Like most industries today, real estate is poised for major changes brought on by technology. To get students thinking about the possibilities, Wharton real estate professor Gilles Duranton and lecturer Richard Mack W89 piloted a new course last fall. “Technology pervades everything, and how it happens is an opportunity but also something that could really whipsaw you if you’re not ready,” says Mack, CEO of Mack Real Estate Group.

Duranton and Mack invite industry leaders to speak on emerging trends in their class, Real Estate Disruptions. (Last year’s guests included Richard Sarkis, head of real estate analytics startup Reonomy, and Richard Baker, governor and executive chairman of Hudson’s Bay, owner of Saks Fifth Avenue.) Duranton and Mack also assign a robust set of articles and books on the nascent subject of property technology (“proptech”). Select readings from the course offer a window into the type of world—and, specifically, buildings—we may soon be living in.

PropTech 101

This book by real estate investors Zach Aarons and Aaron Block gives a broad overview of the subjects that students dig into during the semester. The authors — co-founders of MetaProp, a venture firm focused on proptech — examine how nearly every aspect of the industry is being affected by tech’s rapid advancement. Topics covered include how startups can get their footing in the space and, likewise, the disruptive effects these companies could have on the industry’s key players.

Matchmakers: The New Economics of Multisided Platforms

Some of the world’s greatest business successes have come out of a very simple concept: matchmaking. In the realm of real estate, Airbnb reigns as the epitome of a company that has cracked the matchmaking code, pairing home- sharing renters with users looking for short-term stays. But getting these kinds of platforms to scale successfully can be very challenging, and most fail. “If you’re Airbnb and you have only two properties and three people searching, that’s not going to be successful,” says Duranton. “But if you have a million beds and a million people searching, it’s more likely you will be.” This book, penned by tech-savvy economist David S. Evans and former MIT Sloan School of Management dean Richard Schmalensee, explores these businesses and offers tips for success in a challenging environment.

“WeWork Grows Up (and Out and Everywhere)”

Before its fall from grace last year, WeWork was a darling of real estate startups. This Fast Company feature recounts the company’s ambitions to expand beyond its primary business — leasing co-working spaces — into areas such as renovating other offices and providing technology upgrades for commercial spaces. A failed effort to go public last year brought to light the company’s dire financial situation and led to a bailout by its main investor, SoftBank, led by Masayoshi Son. (In an about-face, SoftBank announced it was canceling the deal in April.) “There was a change in the startup world for proptech in particular, but also the broader startup world, where people are now suddenly more interested in the bottom line: Can you actually make money?” says Duranton.

“The World’s Most Valuable Resource Is No Longer Oil, but Data”

One of the greatest challenges to a startup’s success is its ability to access data. That’s essential for brick-and-mortar retail companies, which can use data to analyze shopping behavior, and businesses like Opendoor that use aggregated information to buy and sell homes at optimal price points. But, as Mack says, “The vast majority of data as it relates to real estate isn’t really available in a place that can be utilized in a large algorithmic format.” Instead, most of it is held by tech titans such as Google, Amazon, and Facebook, a problem that’s scrutinized in this Economist article.

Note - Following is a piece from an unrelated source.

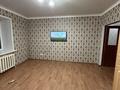 2-комнатная квартира · 65 м² · 6/9 этаж, Максут Нарикбаев 9 за 250 000 ₸ в Астане, Нура р-н — фото 2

“The Tokenization of Real Estate”

Ever imagine owning a piece of the Empire State Building? In this blog post, blockchain expert Sina Habibian lays out the possibilities and challenges of letting real estate owners sell stakes in buildings by issuing digital security tokens—which essentially represent ownership in a tangible asset—to individuals. It’s complex stuff, and whether it will be good for both investors and sellers is unclear in these early stages. But if it becomes mainstream, selling shares of buildings this way could dramatically change the way the real estate market operates.


Published as “Real Estate Revolution” in the Spring/Summer 2020 issue of  Wharton Magazine.